The answer must be only the lines below from the one holding "Camel caravan in" down to the one holding "USGS US TOPO", ends included, printed exactly; please omit all pictures.

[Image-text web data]

= Beginning of Section =

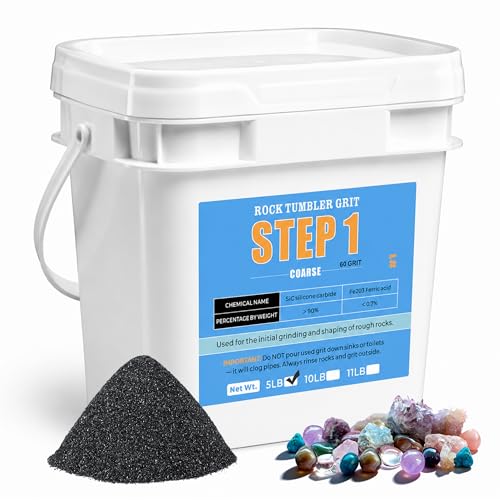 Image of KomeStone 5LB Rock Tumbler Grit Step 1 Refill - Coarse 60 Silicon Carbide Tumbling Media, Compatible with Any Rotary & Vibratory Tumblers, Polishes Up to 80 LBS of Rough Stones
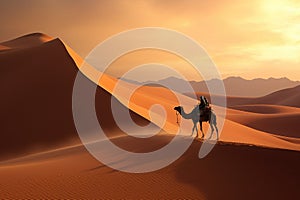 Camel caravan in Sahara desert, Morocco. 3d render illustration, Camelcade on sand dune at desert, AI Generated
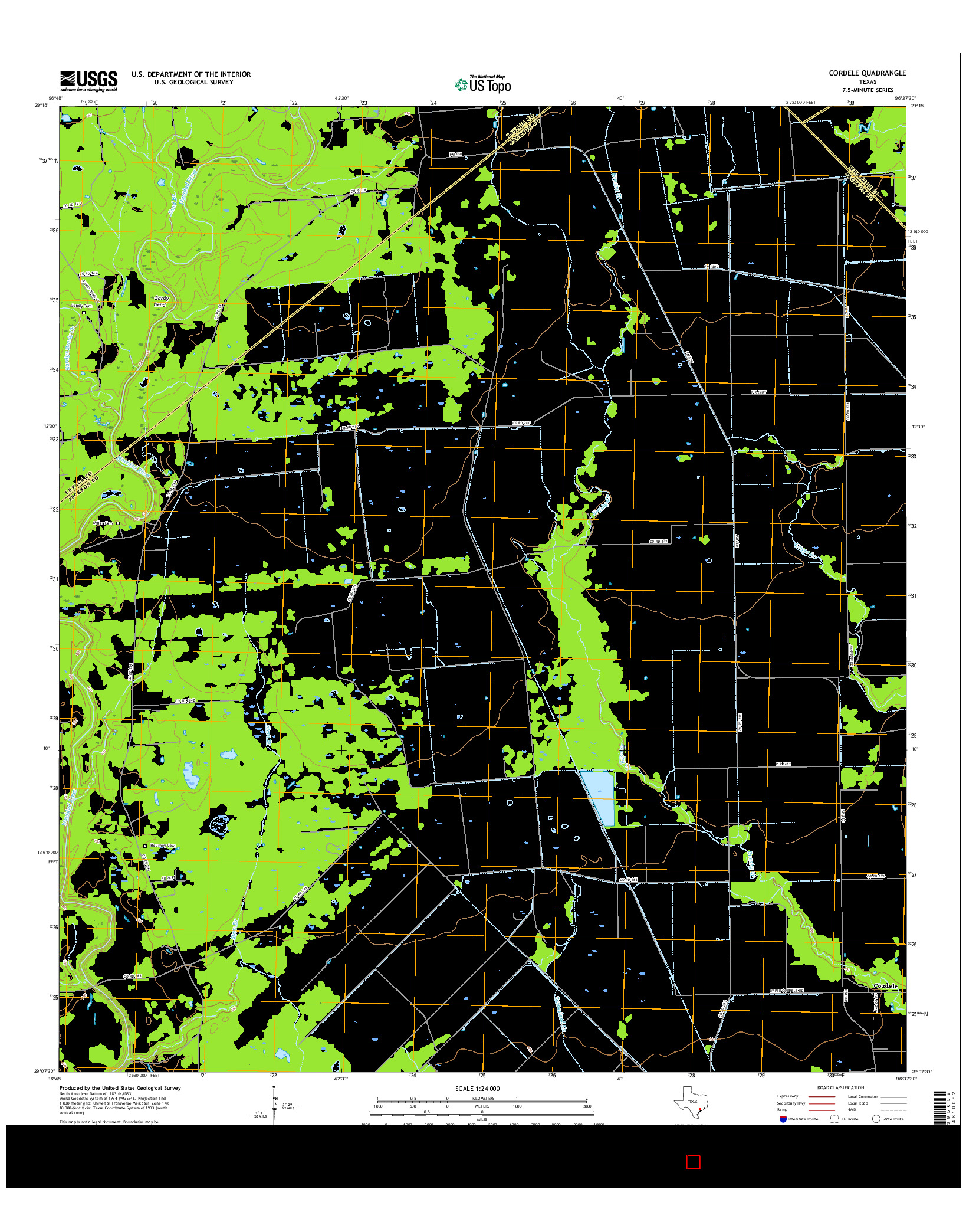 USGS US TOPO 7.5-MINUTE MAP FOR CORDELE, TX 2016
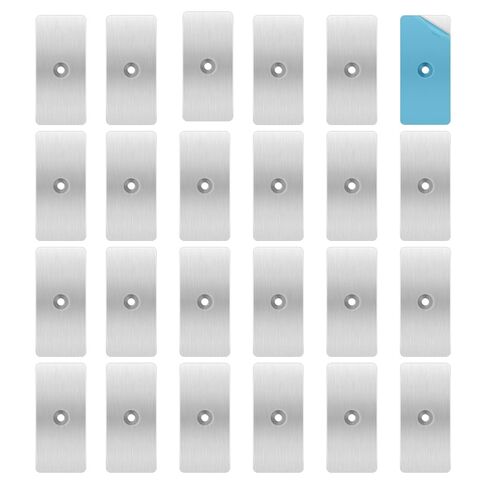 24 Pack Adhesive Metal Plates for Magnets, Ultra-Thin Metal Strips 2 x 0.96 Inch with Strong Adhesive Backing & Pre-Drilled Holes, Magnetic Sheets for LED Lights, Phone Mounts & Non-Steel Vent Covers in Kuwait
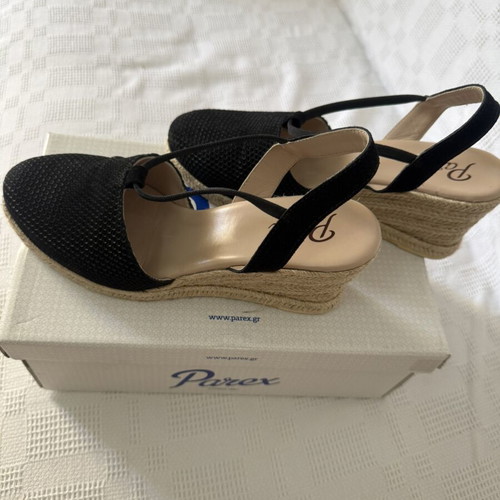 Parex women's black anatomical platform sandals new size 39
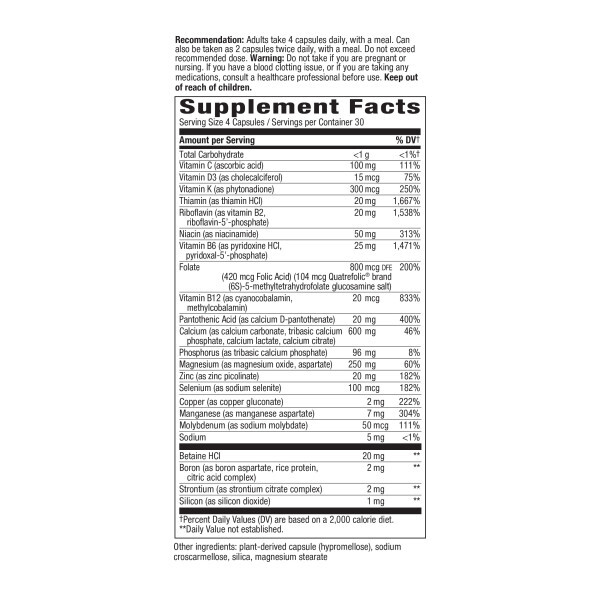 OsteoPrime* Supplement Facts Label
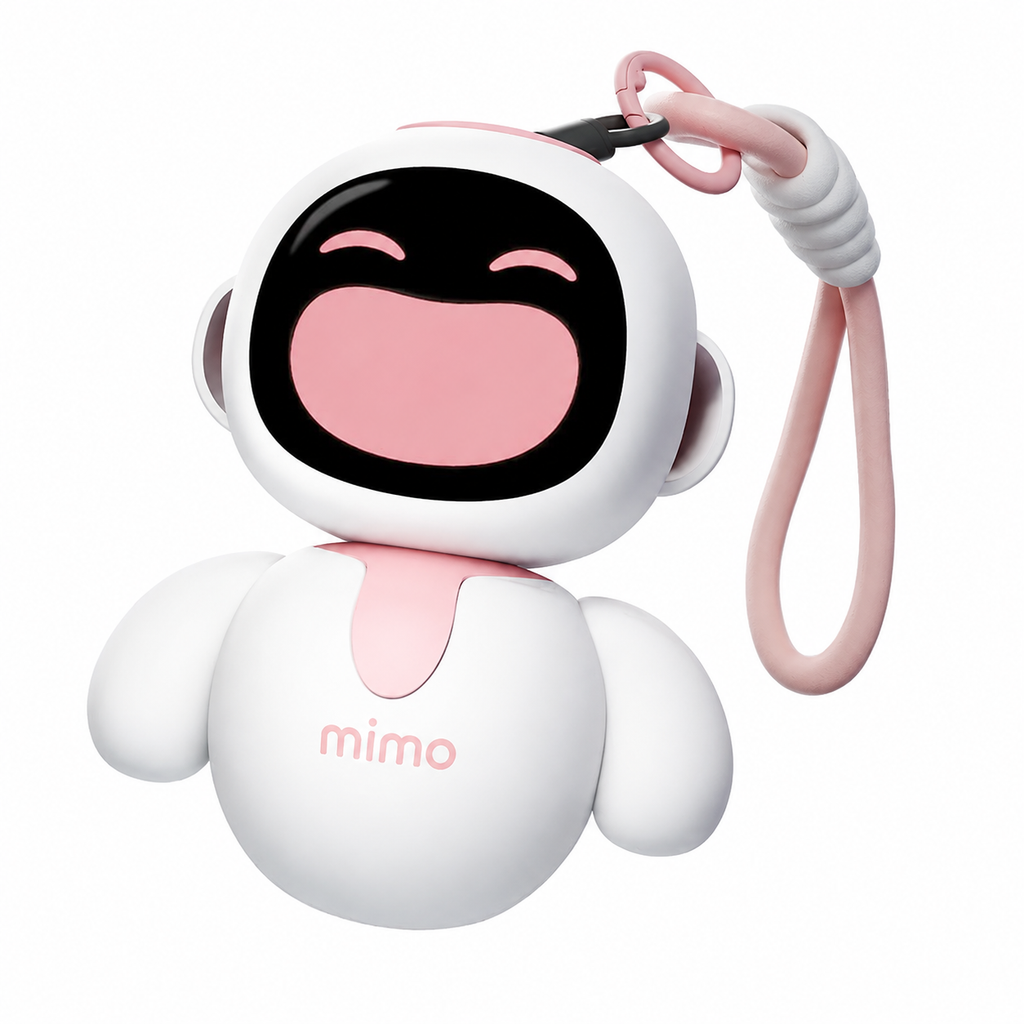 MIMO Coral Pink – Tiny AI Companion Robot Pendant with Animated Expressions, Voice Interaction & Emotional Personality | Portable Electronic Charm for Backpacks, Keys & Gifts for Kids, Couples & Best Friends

= End of Section =

=== Solution for this exercise ===
 Camel caravan in Sahara desert, Morocco. 3d render illustration, Camelcade on sand dune at desert, AI Generated
 USGS US TOPO 7.5-MINUTE MAP FOR CORDELE, TX 2016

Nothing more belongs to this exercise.